The politics of the game aren’t as sunny or wholesome. The Association of Volleyball Professionals (AVP), the men’s union, is at war with the international governing body of the sport (FIVB). The fight is about money, but it spilled over into the Olympic qualification process, with a balky compromise being reached last year.

The FIVB ruled that for both men and women, one of the three U.S. Olympic spots would be reserved for the top-ranked American teams on the international tour.

To play on the international tour, American players had to forgo their own domestic tour for a full year. And while all the best players opted to stay in the United States, diving and spiking for big bucks, Smith and Henkel went overseas to lock up the FIVB-designated spot.

“I took advantage of an opportunity that was open to everyone,” Smith said. “Everyone knew what the rules were.”

On the women’s side, where the players’ association (WPVA) worked successfully with the international body, the Olympic controversy is more personal.

Nancy Reno and McPeak were the best team on both the FIVB tour and the women’s Evian tour. The homespun Reno, a nature girl who wears tie-dyed bandanas and works for environmental causes in her spare time, is the tall blocker. The glamorous, semi-natural McPeak, 5-foot-6 and lightning quick, is the setter.
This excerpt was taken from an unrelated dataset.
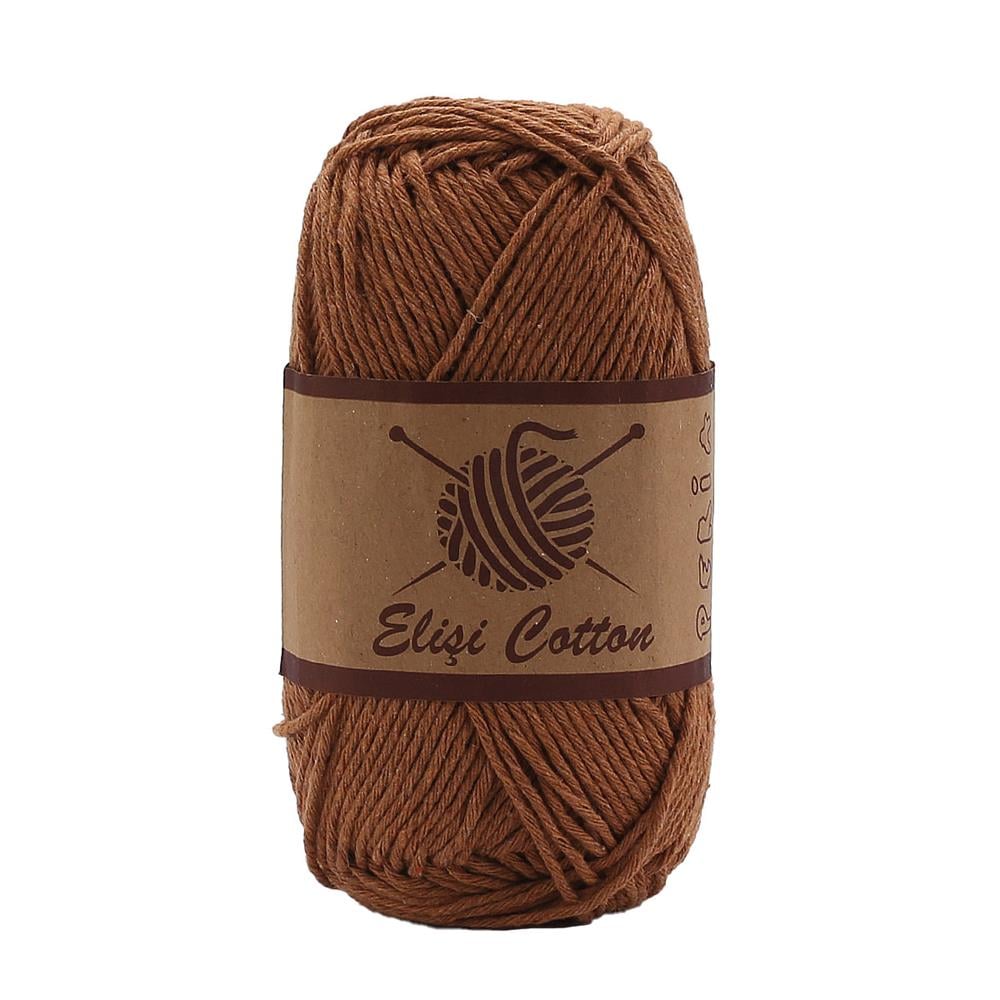 Elişi Cotton Örgü İpi Sütlü Kahverengi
They are volleyball’s odd couple - even endorsing different brands of bathing suits - and never more odd than this season. Reno dumped McPeak midway through the Evian tour to play with Karolyn Kirby, even though the Reno-McPeak tandem received the automatic bid and is a cast-in-stone Olympic team.
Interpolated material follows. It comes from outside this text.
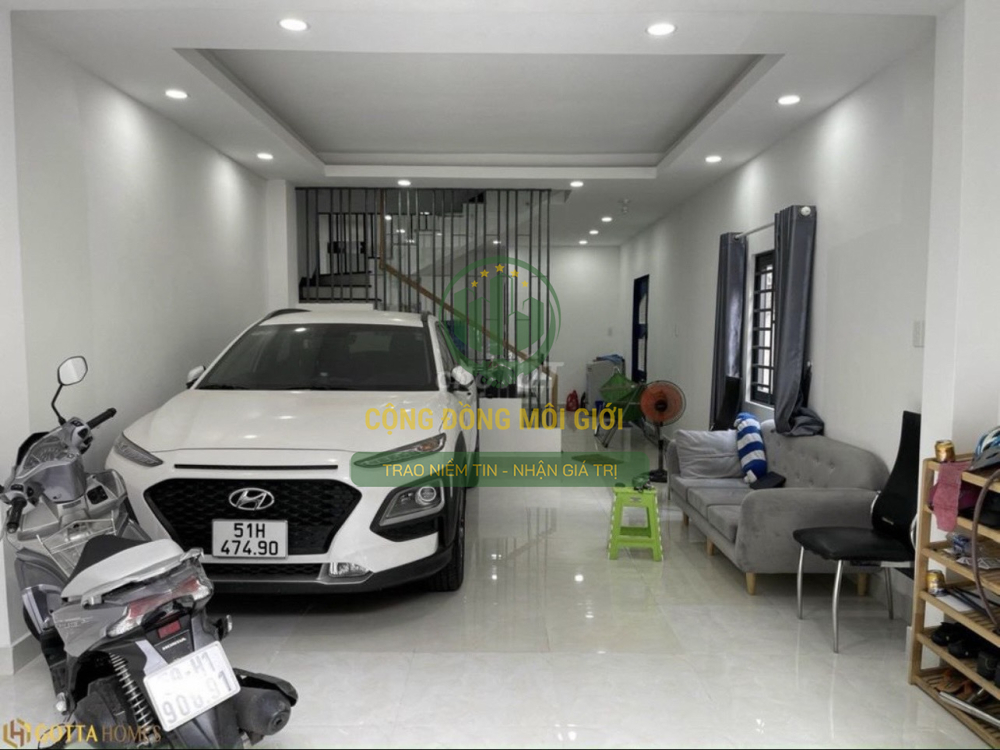 Bán nhà hẻm 782 Trường Sa, Quận 3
Reno and McPeak eventually reunited late last month, leaving Kirby to scramble for a trials partner. She chose rookie Lisa Arce, but they were knocked out in the preliminary rounds last week despite holding the top seed.

The men change partners frequently as well. Adam Johnson, ranked behind only Kiraly and Steffes, teams on the AVP tour with a Brazilian player. When he asked Randy Stoklos, another aging legend, to join him for the Olympic trials, Stoklos dropped partner Bill “Beef” Boullianne like a jellyfish.

Boullianne then hooked up with Dain Blanton, who had discarded his partner, Canyon Ceman, when Ceman dislocated one of his toes so badly that the bone was sticking through the skin. Like, “Later, dude.” Ceman teamed with Lee LeGrande at the trials, but was quickly eliminated.

That’s beach volleyball, where loyalty isn’t a factor.

“Being in the Olympics means a lot to the whole sport,” said Kiraly, who like Smith, his one-time beach partner, was an all-American in the indoor game at UCLA. “It’s going to be interesting. For instance, we’ve never had anthems for the participants. It’ll be a sight to have all these beach volleyball players standing there during anthems. They aren’t used to playing for their countries.”